The spectral function of the closed-shell neon atom is computed by expanding the electron self-energy through a set of Faddeev equations. This method describes the coupling of single-particle degrees of freedom with correlated two-electron, two-hole, and electron-hole pairs. The excitation spectra are obtained using the random-phase approximation (RPA), rather than the Tamm-Dancoff framework employed in the third-order algebraic diagrammatic construction method. The difference between these two approaches is studied, as well as the interplay between ladder and ring diagrams in the self-energy. Satisfactory results are obtained for the ionization energies as well as the energy of the ground state with the Faddeev RPA scheme, which is also appropriate for the high-density electron gas.

Figure 1

(Color online) (a) Diagrammatic expansion of $R\left(\omega \right)$ in terms of the (antisymmetrized) Coulomb interaction and undressed propagators. (b) $R\left(\omega \right)$ is related to the self-energy according to Eq. (3). (c) By substituting the diagrams (a) in the latter equation, one finds the perturbative expansion of the self-energy.

Figure 2

(Color online) Diagrammatic equations for the polarization (above) and the two-particle (below) propagators in the GRPA approach.
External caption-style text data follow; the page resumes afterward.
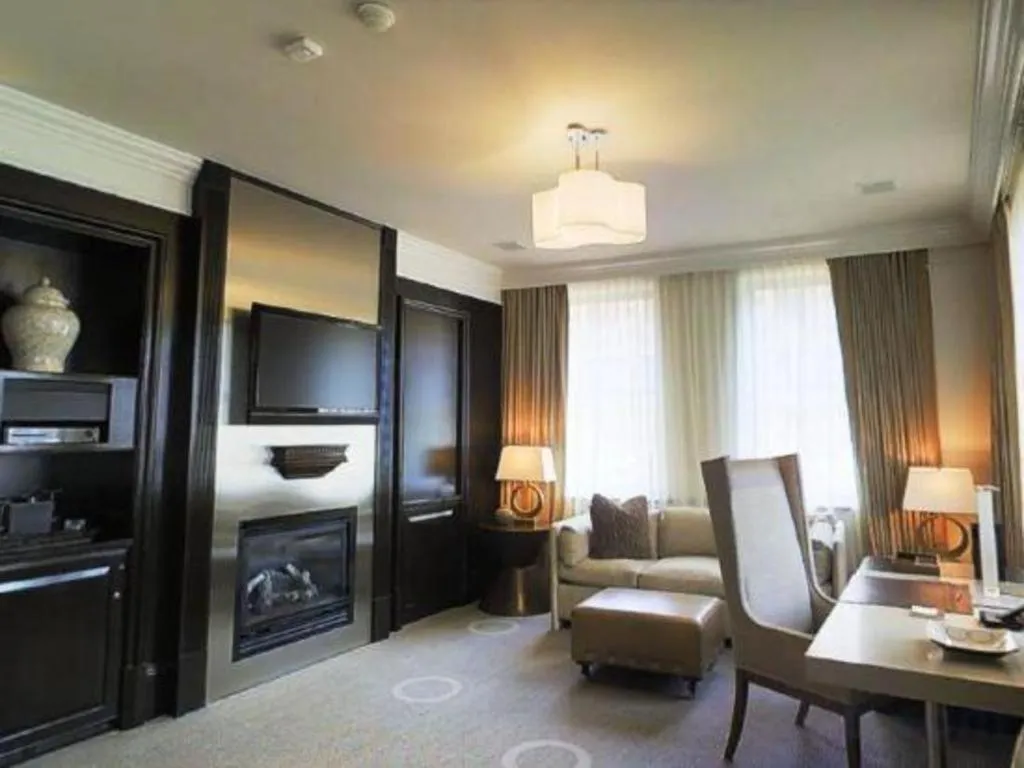 Bed in Fifteen Beacon Hotel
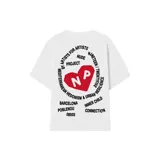Camiseta blanca de manga corta Nude Project, corte oversize, con estampa trasera en negro y rojo con diseño de corazón y textos alusivos.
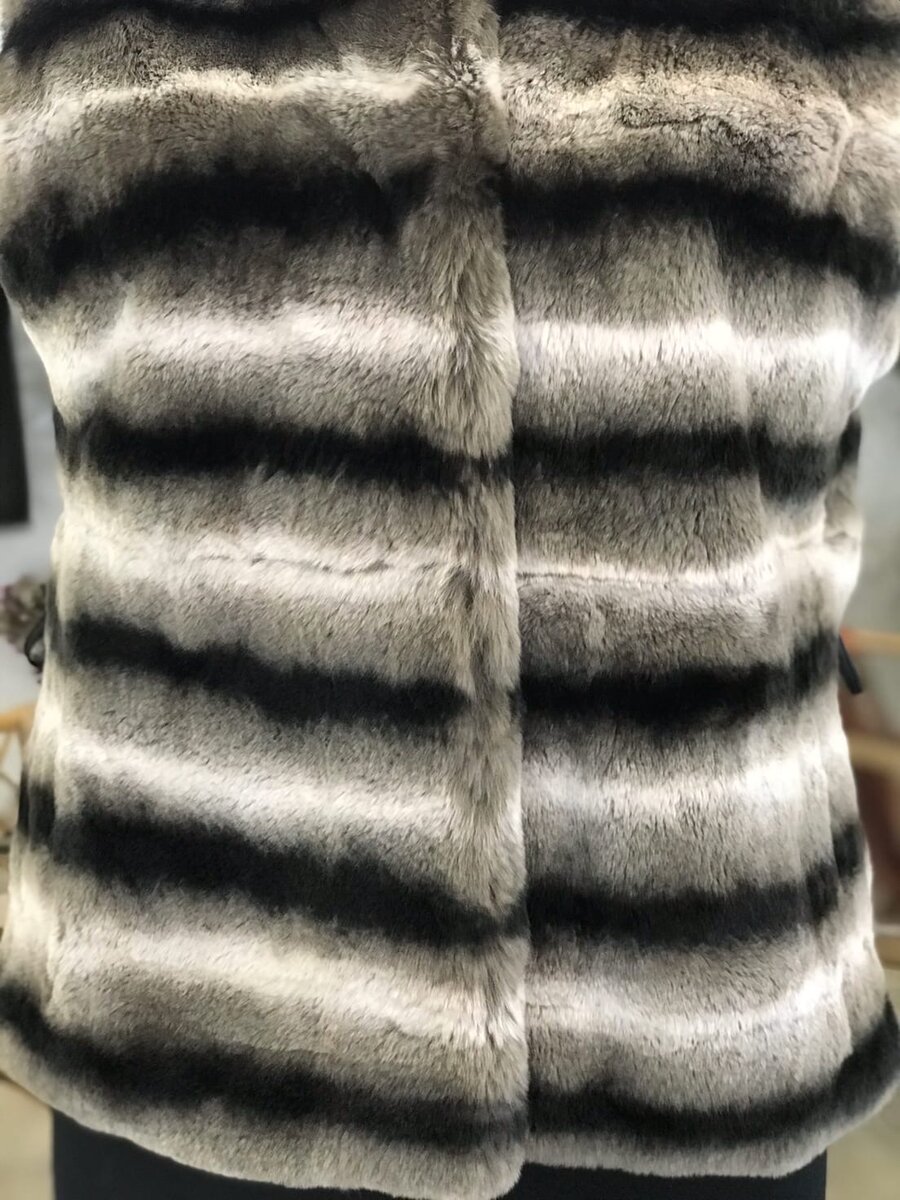 Переделка  жилета в куртку. Ателье Ирины Берзиной.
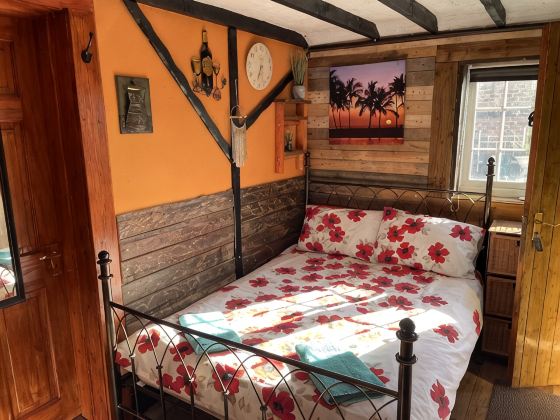 The Paddock - Sleeping 2 - B & B Yarm double bed en suite /fridge/microwave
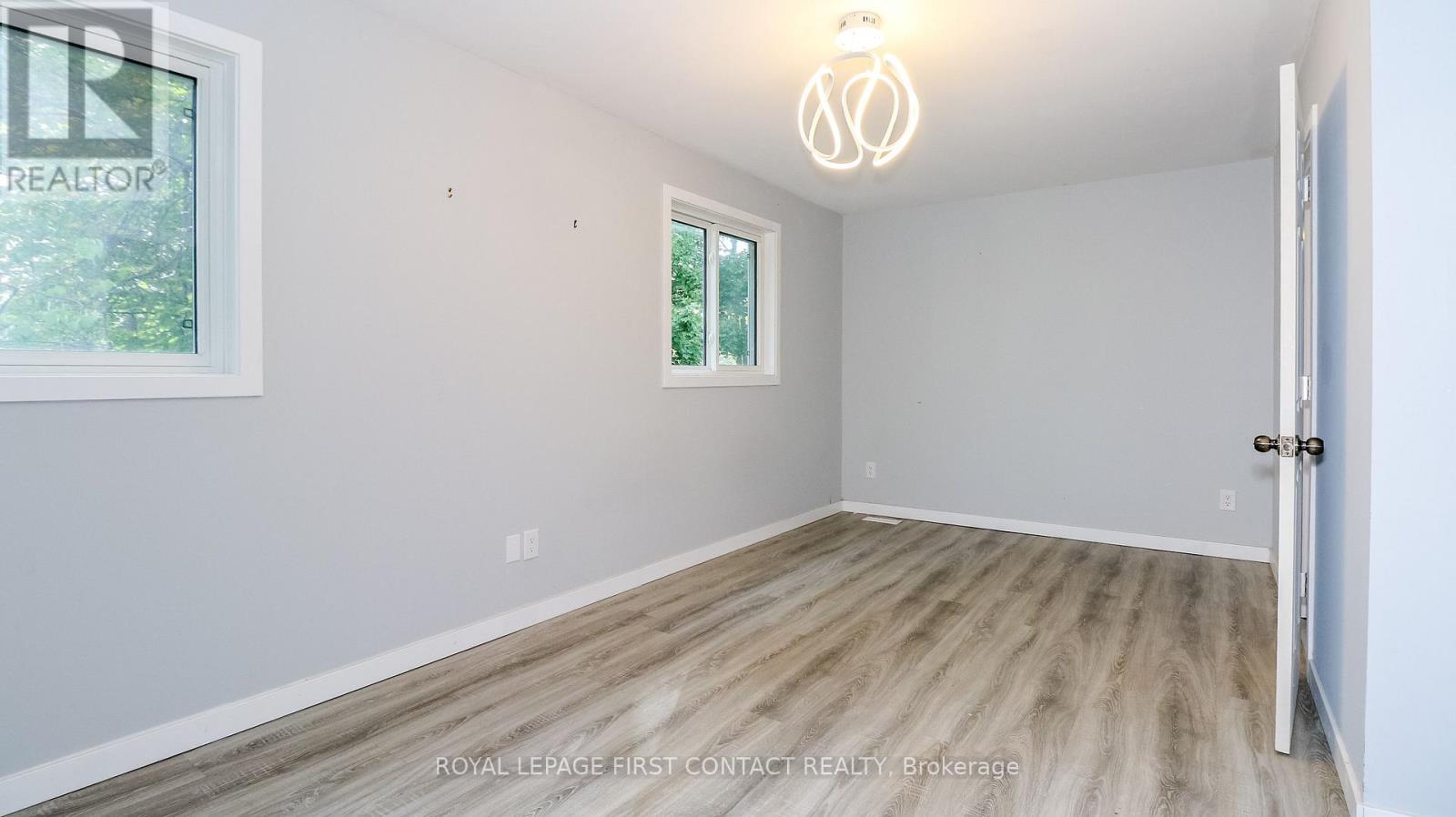 311 Anne Street N, Barrie, Ontario  L4N 5M7 - Photo 21 - S12391290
Dashed lines are always antisymmetrized Coulomb matrix elements and the full lines represent free (undressed) propagators.

Figure 3

(Color online) Example of one of the diagrams that are summed to all orders by means of the Faddeev equations (7) (left). The corresponding contribution to the self-energy, obtained upon insertion into Eq. (3), is also shown (right).

Figure 4

(Color online) Spectral function for the $s$ states in Ne obtained with various self-energy approximations. From the top down: the second-order $\left({\Sigma }^{\left(2\right)}\right)$, the FRPA (ring), the FRPA (ladder), and the full FRPA self-energies. The strength is given relative to the Hartree-Fock occupation of each shell. Only fragments with strength larger than $Z>0.005$ are shown.

Figure 5

(Color online) Diagrammatic representation of Eq. (A3). Double lines represent fully dressed SP Green’s functions, which, however, are restricted to propagate only in one time direction [i.e., only one of the two terms on the right-hand side of Eq. (1) is retained]. The Faddeev equations (A9, 7) allow for both forward and backward propagation of the phonons ${\Gamma }^{\left(\pi \right)}\left(\omega \right)$ and ${\Gamma }^{\left(II\right)}\left(\omega \right)$ as long as these do not overlap in time. For the propagators, time ordering is assumed with forward propagation in the upward direction.